Joaquin and I locked eyes. I shook my head. I’d run for at least five minutes. Maybe ten. After three years of cross-country races I knew how to judge the length of my run.

“He wasn’t there,” I said, unable to imagine trying to explain what had gone on inside the mist. “He wasn’t…He wasn’t there.”

Joaquin held me to him, his arms locked tightly around me as the rain consumed us. Then, through my wet lashes, I saw a flash of pink, and suddenly Krista was running through the muck in our direction.

“Krista? What’s wrong?” Bea called out.

“The mayor sent me to get you. She’s losing it, guys,” Krista said, gasping for breath as she braced her hands over her knees. “You better come back. Like, now.”

The Politician

Standing under the same white party tent we’d used for Krista’s anniversary party almost a week ago, which had been erected over the flagstone patio behind the mayor’s house, we could hear the patients inside getting ready to move out. Between the pane dividers on the French doors, I saw the mayor hovering over a map of the town with a few visitors, explaining where to go as a group headed to the front door. The clinic was emptying.

“Dude, your boy’s on the prowl,” Fisher said, tilting his head toward the side of the house.

Joaquin walked around to see better, and I automatically went with him. Jack Lancet, one of Joaquin’s more evil charges, was pacing outside one of the east-facing windows, looking through the panes with a creepy smile on. The man had been executed after murdering three helpless children.

“Sonofa—”

Joaquin stormed right over to him, grabbed him by the back of his coat, and flung him away. Lancet hit his knees, muddying the front of his pants, and looked up at Joaquin with pink shame painted across his cheeks.

For a split second, I felt sorry for him. He looked sad, almost disgusted with himself, as he cowered in the rain. Part of me wanted to go help him up, offer him a kind word. But then my logical side kicked in.

The guy is sick, Rory. Sick. He hurt—killed—little kids.

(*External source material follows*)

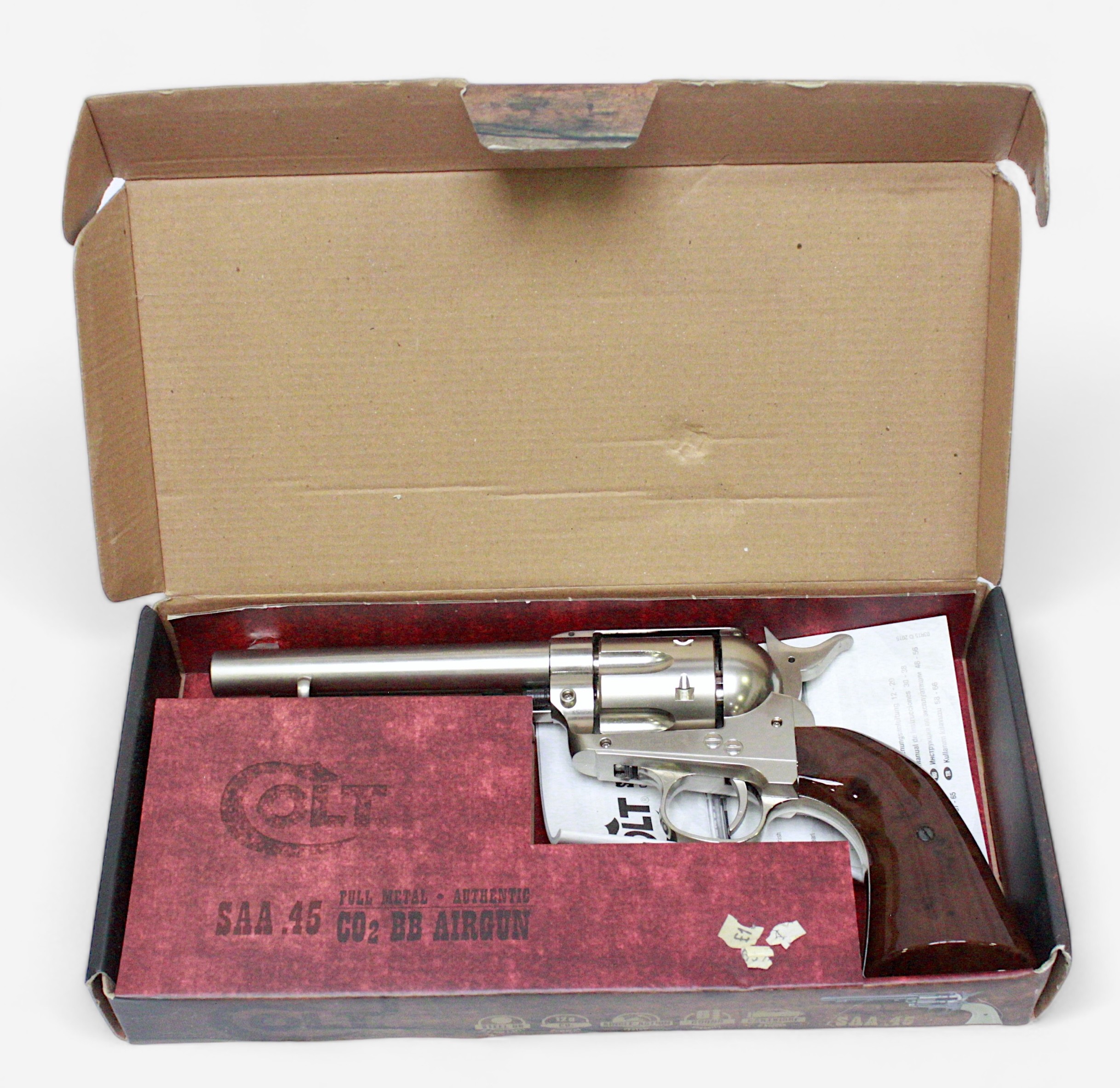A Colt SAA. 45 CO2 Revolver, with nickel finish and wood effect grip. Calibre .177 pellet, in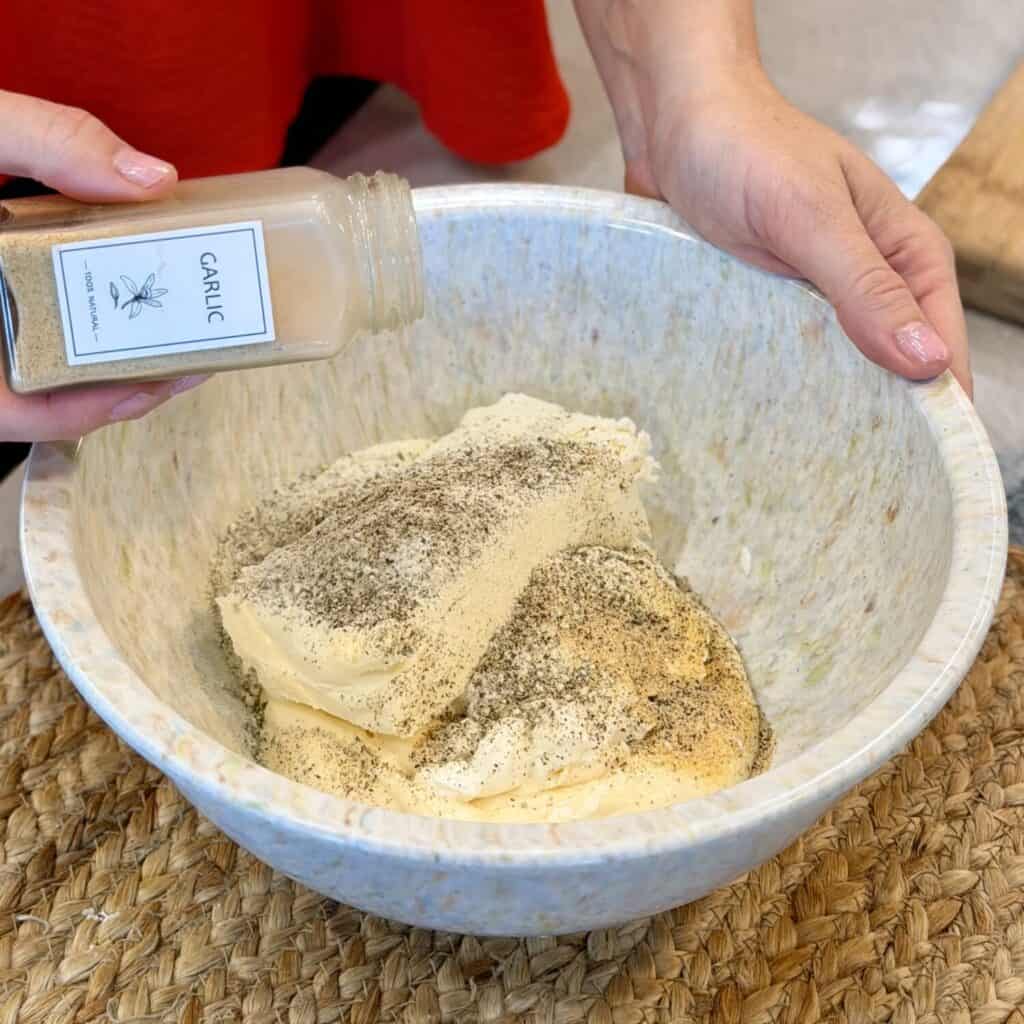 Adding garlic to cream cheese.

It was that one word that wedged itself inside my chest, though, and stuck, like something jagged and raw. Sick. Who was to say what made people do the things they did? Was it nature? Nurture? Their own logic? Their needs and their longings? What had made me kill Steven Nell that day? Why was it my instinct to lash out and take his life rather than to turn the other cheek?

This horrible ache settled deep inside me, and I longed for my mother and the comfort of her words in a way I hadn’t in a long time. At the same moment, I wished like hell that Tristan had made good on his promise to be there for me, to be trustworthy, to teach me everything I needed to know. He’d been doing this for so long that I was sure he had the answers to my deep, dark questions.

What if he’d been telling the truth in that note? What if there was still a chance…?

Suddenly Jack Lancet looked me in the eye and laughed. I felt my face harden, my jaw clench. It was as if he’d read my mind and was laughing at my naive hope.

Tristan was evil. I wouldn’t give him the chance to fool me again.

“Get the hell out of here,” Joaquin growled at Lancet. “We don’t want any trouble from you.”

Lancet pulled his lapels up around his chin and scurried off in a zigzag line, his laughter carrying back to us on the wind. I peeked through the window and saw two boys playing video games, a few little girls—including Darcy’s charge—busy with a tea party, and a handful of others reading books and stacking blocks. Krista’s makeshift playroom. Suddenly I went dizzy.

“I think I’m gonna be sick,” I said, touching a hand to my head.

Joaquin gently took my hand. “It’s okay. They’re safe. For now, anyway.”

Still, I made sure to watch Jack Lancet until he was finally down the hill and out of sight. When we rejoined our friends on the patio, Krista was lifting a cardboard box onto the table.